We decided against a new camper for many reasons:

  1. Money – our camper is already paid off. 
  2. Wear and tear – the thought of getting a brand new camper and then taking it all over the country seemed unwise. Potholes, rocks, tree branches, and more await us on our travels. We should probably scratch up an old travel trailer.
  3. Modifications – we’ve already made modifications that suit our family. We didn’t want to make them again in a new trailer. 

Since we were keeping our trailer, we decided to remodel it. It was entirely ours and had already gotten a lot of use. What would the harm be?


For aesthetics, I decided to go with a cabin theme. That meant lots of natural woods and buffalo prints. I wanted a cozy cabin feeling we could take anywhere with us. I ordered pillows, sheets, and comforters from Amazon.


When we first purchased our trailer, we figured the two double bunk beds would be plenty for our three kids. The girls could share one, and our son could get the other. That didn’t last long. Especially on trips of a week or more, each kid needs their own space. We moved our youngest to the fold-out couch, which seemed to work space-wise. But, if you’ve ever slept on a camper fold-out couch, you know it’s not a comfortable experience. It’s also not very private.

To solve this problem, Jim removed the couch entirely and replaced it with a twin-sized storage platform. We purchased a mattress and bedding from Amazon, and Jim hung metal conduit piping with cast iron fittings as curtain rods. I found adorable buffalo check curtains with bears in the nursery section of Amazon that were the perfect length to hang around a 9-year-old’s bed to give her some privacy in her own space. The storage shelves above what had been the couch became her clothes closet. Under the bed is storage we can use for small or large objects.


Travel trailers come with the WORST wallpaper, and ours was no exception. I knew I wanted to paint it a lighter color.

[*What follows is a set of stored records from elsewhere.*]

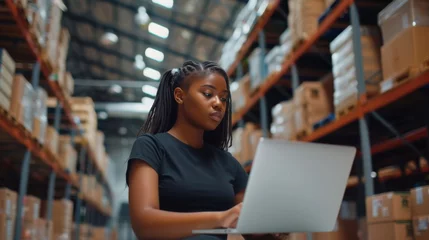 Poster Woman with Laptop in Warehouse © MP Studio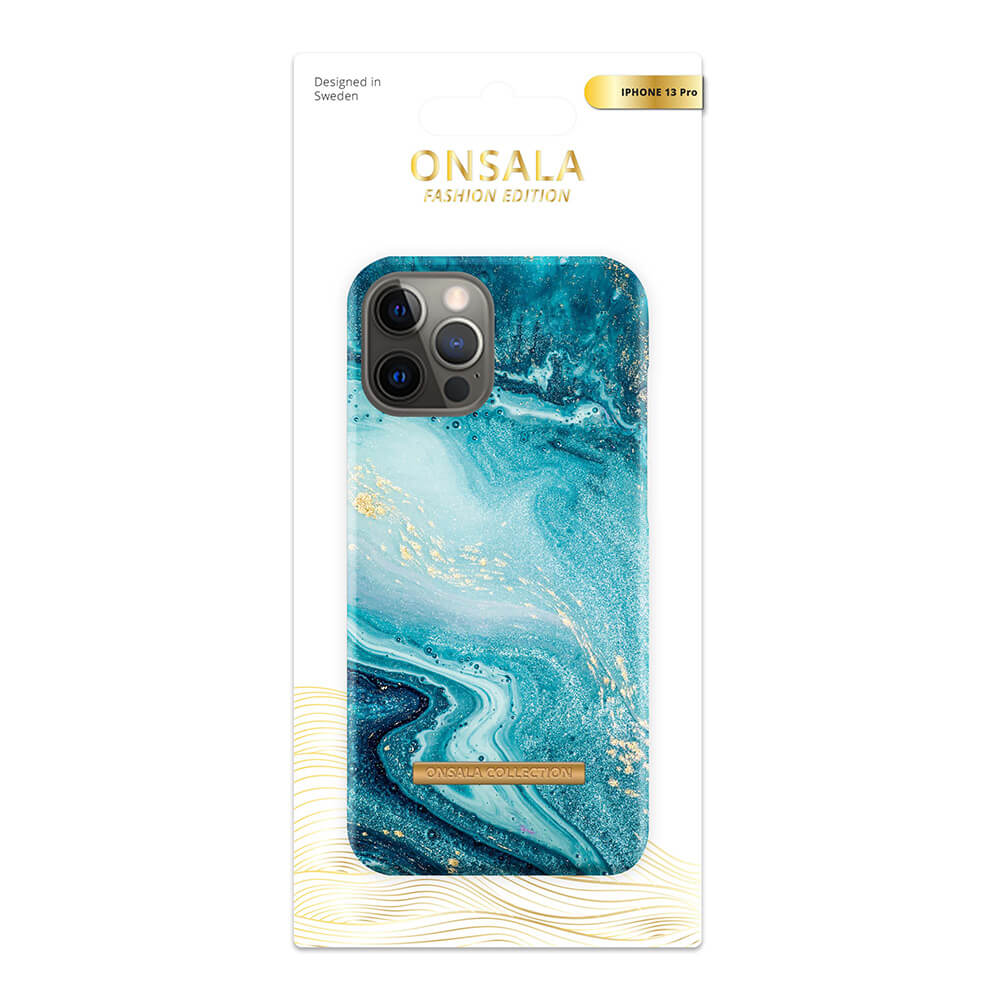 Onsala ONSALA iPhone 13 Pro Mobilskal Marmor Blue Sea - Teknikhallen.se
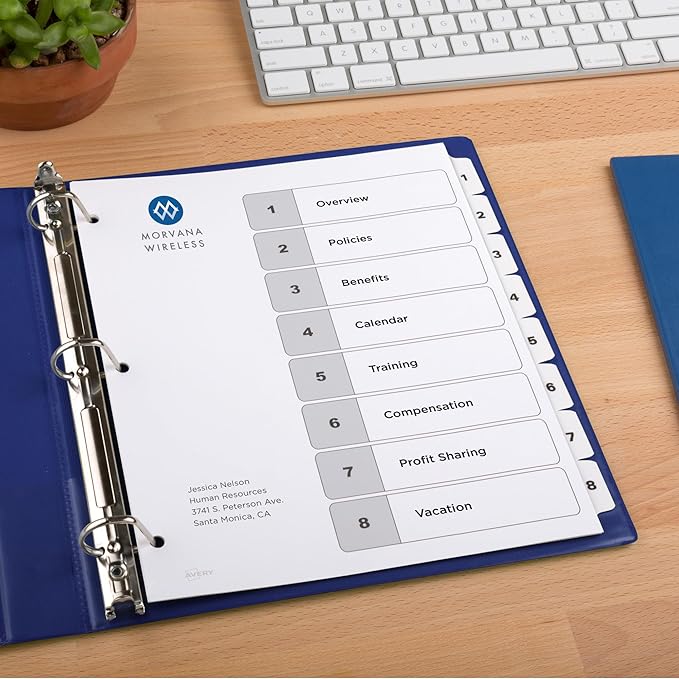 Avery Dividers for 3 Ring Binders, 8 Tabs per Set, Customizable Table of Contents, Classic White Tabs, Great for Organizing Reports, Projects, and More (11132)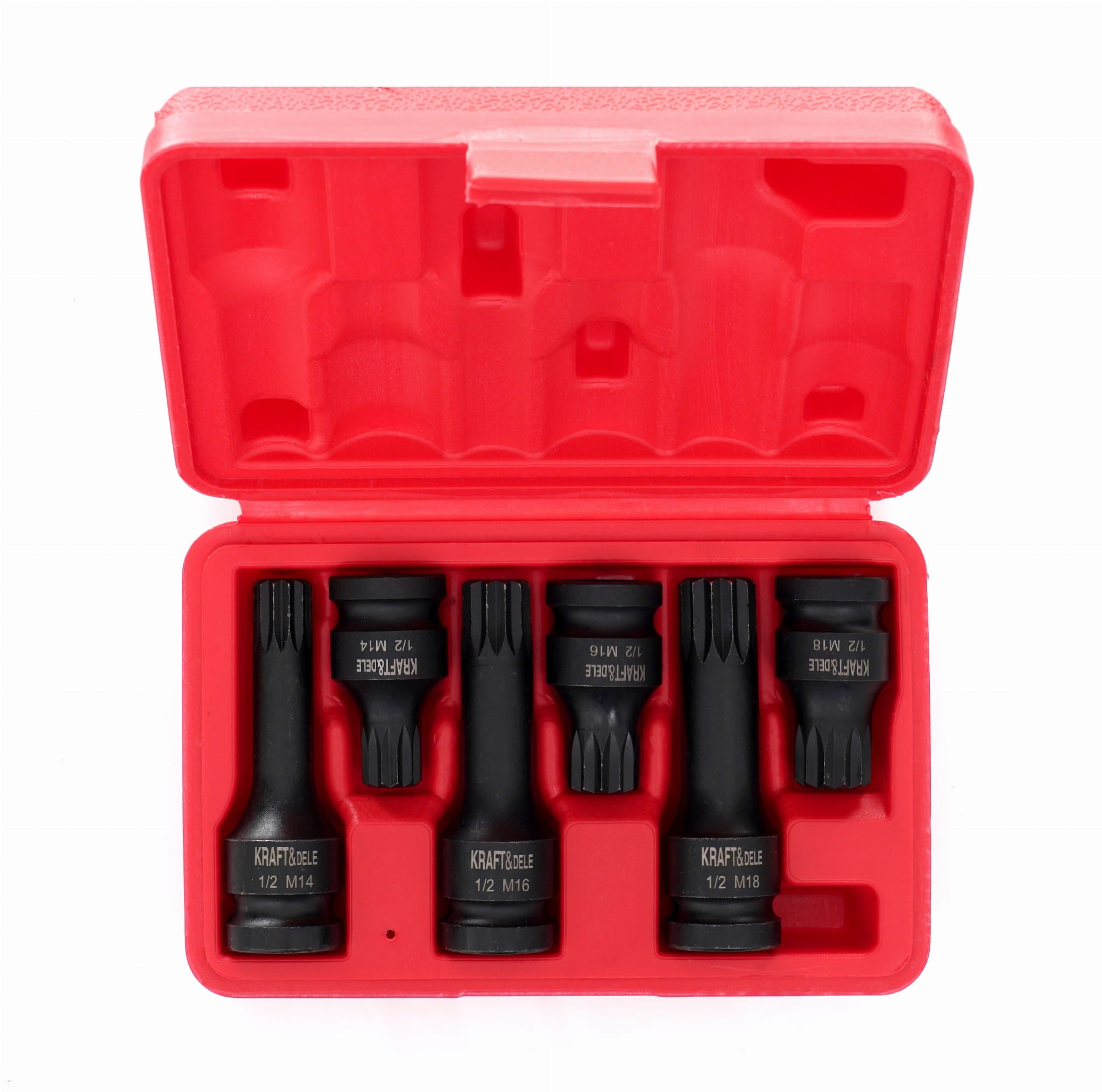 KRAFT&DELE 1/2" löökpadrunite komplekt M14, M16 ja M18, 6 tk KD11761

I used regular in-home primer and wall paint from Behr and painted the walls a light cream to match the wood tones we would be using. I considered painting the cupboards, but that can be a massive undertaking from which people often get mixed results. The dark wood fit my cabin theme, so I decided against painting it. 


I used a stick-on wallpaper with an old newspaper print in a few places. Even though the wallpaper was self-sticking, because of the wide range of temperatures in the metal box that is a travel trailer, I also used spray adhesive to hold it on. It was so easy to put on and looked so good that I had to stop myself from overdoing it and putting it everywhere. 


After removing the couch, Jim also took also took out our dinette. We replaced the two existing benches with ones he custom-made into an L-shape. He created a U-shaped dinette that easily fits our family of 5 by connecting them to the bed. I used the foam from the original cushions to develop new ones that I covered with a leather-like vinyl material.

The crown jewel of the remodel is the new dining table he made using stain, epoxy, and a National Park map I found online. It’s gorgeous and is the one thing we will keep long after selling the camper. 


Our camper had come with dated valances with legs and shades that failed to keep out light. We didn’t want to remove the valances because they help manage indoor temperatures but needed a facelift. Jim pulled them, and I covered them with buffalo-checked fabric using batten and a staple gun. I purchased white curtains to help keep the space bright and hung them inside the valances using tension rods. For the final touch, I swapped out our boring lampshade for one that looks more like animal hide (but isn’t, lol). 


Jim built me a stove cover for more counter space to match the hinged countertop he had added years ago.

Next to the master bed, we only had a nightstand on one side. Jim Created a nook next to my pillow for me to store things like my glasses, tissues, and phone at night. 

We still have a few more modifications we would like to make before leaving on our big trip, but our camper is much more suited to our needs and is ready for our next big adventure!